This release introduces a new command-line separator: --
All arguments before the --
separator are passed to the Erlang VM, all arguments after it are passed to Arweave. If the --
is omitted, all arguments are passed to Arweave.
For example, to restrict the number of threads available to Arweave to 24, you would build a command like:
./bin/start +S 24:24 -- <regular arweave command line flags>
Faster Node Shutdown
Unrelated to the above changes, this release includes a couple fixes that should reduce the time it takes for a node to shut down following the ./bin/stop
command.
Solution recovery
This release includes several features and bug fixes intended to increase the chance that a valid solution results in a confirmed block.
Rebasing
When two or more miners post blocks at the same height, the block that is adopted by a majority of the network first will be added to the blockchain and the other blocks will be orphaned.
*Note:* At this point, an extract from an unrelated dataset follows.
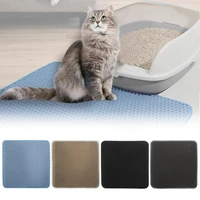 cat litter trapping mat impervious honeycomb double layer kitty litter pad nonslip litter box mat rug easy clean washable and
Miners of orphaned blocks do not receive block rewards for those blocks.
This release introduce the ability for orphaned blocks to be rebased. If a miner detects that their block has been orphaned, but the block solution is still valid, the miner will take that solution and build a new block with it. When a block is rebased a rebasing_block
message will be printed to the logs.
Last minute proof fetching
After finding a valid solution a miner goes through several steps as they build a block. One of those steps involves loading the selected chunk proofs from disk. Occasionally those proofs might be missing or corrupt. Prior to this release when that happened, the solution would be rejected and the miner would return to hashing. With this release the miner will reach out to several peers and request the missing proofs - if successful the miner can continue building and publishing the block.
last_step_checkpoints
recovery
This release provides more robust logic for generating the last_step_checkpoints
field in mined blocks. Prior to this release there were some scenarios where a miner would unnecessarily reject a solution due to missing last_step_checkpoints
.
VDF Server Improvements
In addition to a number of VDF server/client bug fixes and performance improvements, this release includes two new VDF server configurations.
VDF Forwarding
You can now set up a node as a VDF forwarder. If a node specifies both the vdf_server_trusted_peer
and vdf_client_peer
flags it will receive its VDF from the specified VDF Servers and provide its VDF to the specified VDF clients. The push/pull behavior remains unchanged - any of the server/client relationships can be configured to push VDF updates or pull them
Public VDF
If a VDF server specifies the enable public_vdf_server
flag it will provide VDF to any peer that requests it without needing to first whitelist that peer via the vdf_client_peer
flag.
/recent endpoint
This release adds a new /recent
endpoint which will return a list of recent forks that the node has detected, as well as the last 18 blocks they've received as well as the timestamps they received them.
Webhooks
This release adds additional webhook support. When webhooks are configured a node will POST data to a provided URL (aka webhook) when certain events are triggered.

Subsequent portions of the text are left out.